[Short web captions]
= Beginning of Section =
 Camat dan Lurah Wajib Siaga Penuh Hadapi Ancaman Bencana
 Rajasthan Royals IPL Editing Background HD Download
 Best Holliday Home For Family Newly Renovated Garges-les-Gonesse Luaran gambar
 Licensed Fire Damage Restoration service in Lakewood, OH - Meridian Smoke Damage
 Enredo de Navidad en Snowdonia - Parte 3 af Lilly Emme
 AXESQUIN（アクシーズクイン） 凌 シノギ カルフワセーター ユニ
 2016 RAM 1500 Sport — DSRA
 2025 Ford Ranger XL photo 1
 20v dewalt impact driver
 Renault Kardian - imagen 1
= End of Section =
Output the line containing "Best Holliday Home" and all lines after it to the end of the records, exactly as given.

 Best Holliday Home For Family Newly Renovated Garges-les-Gonesse Luaran gambar
 Licensed Fire Damage Restoration service in Lakewood, OH - Meridian Smoke Damage
 Enredo de Navidad en Snowdonia - Parte 3 af Lilly Emme
 AXESQUIN（アクシーズクイン） 凌 シノギ カルフワセーター ユニ
 2016 RAM 1500 Sport — DSRA
 2025 Ford Ranger XL photo 1
 20v dewalt impact driver
 Renault Kardian - imagen 1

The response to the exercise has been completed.